Current medical records codes do not capture important factors that should be used - but can't be used - to adjust the statistics. For example, the data used by these indicators do a poor job of distinguishing an infection the patient already had, from an infection the patient developed in the hospital. The data do not distinguish an emergency case from one where more time was available to react. The data do not indicate if the patient had "do not resuscitate" orders, which would indicate that the patient's death was expected and not a result of the care provided. Hospitals also differ in their documentation and coding practices.

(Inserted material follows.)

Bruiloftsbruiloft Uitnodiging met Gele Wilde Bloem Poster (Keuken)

COMPdata does not store all diagnosis and procedure codes. We are probably not risk-adjusting the PSIs and IQIs as much as they should be. This limitation may be trivial for some of the indicators, but may lead to greater inaccuracy for high-risk patients and procedures.
The number of procedures performed is at best a proxy for other quality indicators. Some authorities suggest not using these volume-based indicators at all; others suggest using them only in conjunction with other indicators of quality of care.

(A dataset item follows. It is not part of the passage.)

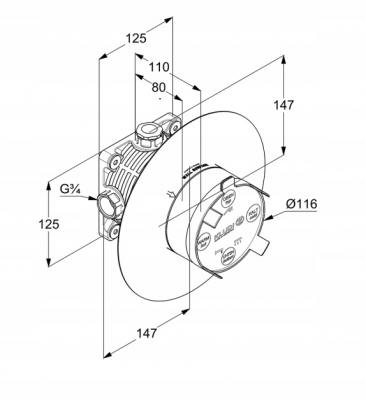 KLUDI AMEO zestaw podtynkowy do wanny z napełnianiem przez przelew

We cannot be certain about the comparability of the U.S. and Kentucky averages. The U.S. average may be based on a biased sample of states or hospitals. For example, the average on a particular indicator may be too high, because it is based only upon hospitals proud or interested enough to submit their data to a national group. Presumably, the comparative average could also be too low, if - for example - states with high-risk or older populations are over-represented in the data.

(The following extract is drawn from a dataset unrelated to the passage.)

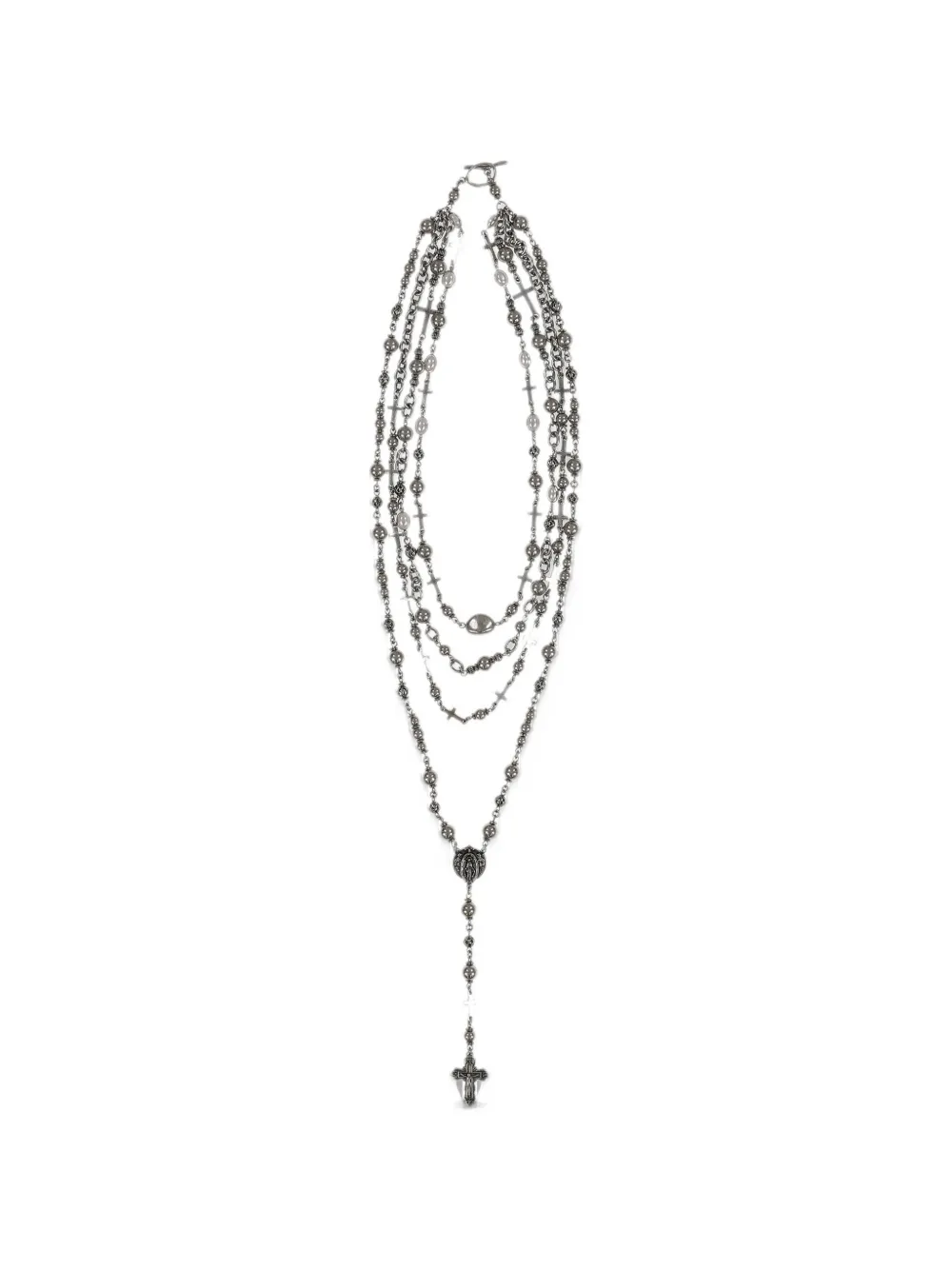 EPHMRL layered cross-pendant necklace - Argento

Patient satisfaction. The only U.S. comparison available for our patient satisfaction results is the average of the relevant Press Ganey database. Although more than 1,300 hospitals participate in the Press Ganey surveys, those hospitals may not be representative of all hospitals in the U.S. In other words, we may be comparing ourselves to an average that is easier or tougher than it would be if it included every U.S. hospital. Also, patient satisfaction results are not risk-adjusted, so they do not take into account the different services that different hospitals provide. Patients who are in the hospital to deliver a baby may tend to rate their hospital experience differently from patients who are in the hospital because they had a heart attack. Patient satisfaction averages do not take these expected differences into account.
Data from one-day prevalence studies and limited staff questionnaires are subject to time-of-year and low-volume variability and may not accurately represent what more complete data would show.
Although we follow national definitions, we still have countless judgment calls to make about how to display data, how to classify data for some indicators, etc. We hope that the Norton Healthcare Quality Report helps contribute to the growing national and state interest in quantifying hospital quality performance and helps hasten the day when hospitals will have agreed-upon standard approaches to these decisions.
We show a quality ribbon if a hospital has the best score possible.